А еще я запомнил (при жизни) — дом в Москве и заснеженный дуб: много было в доме этом — рук ее и губ, девять лет одно лишь дело было у нее: тело женское, большое, тело белое твое. Ты любила это тело, глупая и нежная, только где же твое тело, тело твое прежнее? Девять лет меня хотела, молодела, старилась (но лисе такое дело никогда не нравилось): трубки разные во рту, лейкемия белая, лебедь белая моя, что же ты наделала.
Но когда один человек уходит, выздоравливает или повесился, другой человек через несколько лет собирает в мешки оперенье его, все шмотье: белоснежные крылья, пальто и штаны — и выносит на лестницу, и спускается к мусоросборнику — и на сердце его легко.
. На помойке выпал снег, и бомжей обрадовал: у лисы любимых нет, ей они без надобы.
Как от них лиса устала, и во сне не рассказать: четырех сторон ей мало, надо пятый свет искать.
Но, прощаясь, говорила (я, точнее, говорил): — Тех, которых я любила, я действительно любил.
— Дорогой автоответчик, ты прости меня за ложь, (ты потом на человечий сам меня переведешь). Ни английский я не знаю, ни на русском не пою, я на ломаном туманном тут с тобою говорю.
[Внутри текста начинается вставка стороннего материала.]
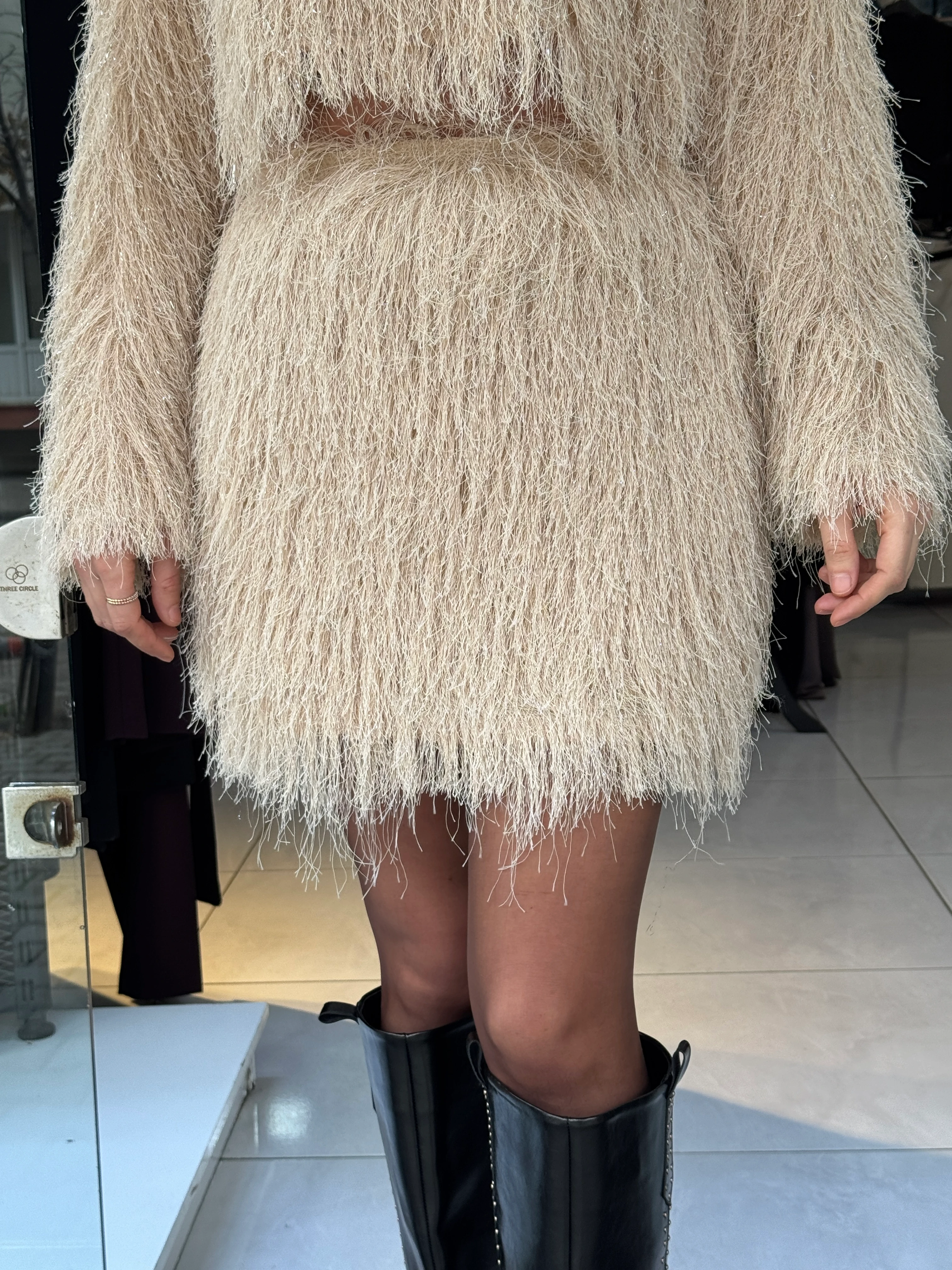 Püsküllü Krem Etekli Takım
Жили-были эти люди, неродная мне семья, я надеюсь, снова будет кто-то счастлив без меня. Длится долгое свиданье, слез прощальных — полон рот. — Дорогие, до свиданья, здравствуй, жопа, Новый год.
Кстати о Новом годе. Вышеозначенный Ромочка мне однажды написал (а я тоже его любил, по-своему):
«Дима, здравствуйте. Я просто хотел сказать, что во втором варианте вашего предыдущего стихотворения есть на один фрагмент паззла больше. И вот о чем я только что подумал. Это как в старых, еще советских, детских конструкторах, которые нам так часто дарили под новогодние праздники, — там всегда на одну железяку больше. Как проклятье какое. И вот ты сидишь, как дурак, собираешь механизм, завинчиваешь болтики, следуешь чертежу-схеме, а все равно ничего не получается. И тогда — крутишь, вертишь то, что должно было быть идеальным (потому что таким было задумано) — жизнью, любовью, не знаю, ну богом, если он есть. А вместо этого у тебя в руках — сам не понимаешь что. Сейчас почти четыре утра, поэтому вряд ли смогу толком объяснить, что имею в виду. И буду надеяться, что вы понимаете мой лепет. (…естественно, лишняя деталь не в том стишке. Просто дописанная строфа, как мне показалось, "подкидывает" её во вселенную стихотворения.) Понимаете?»
Потому что в смерти — не в постели: ни втроем не будешь, ни вдвоем. Каждый погибает, как умеет, каждый умирает о своем.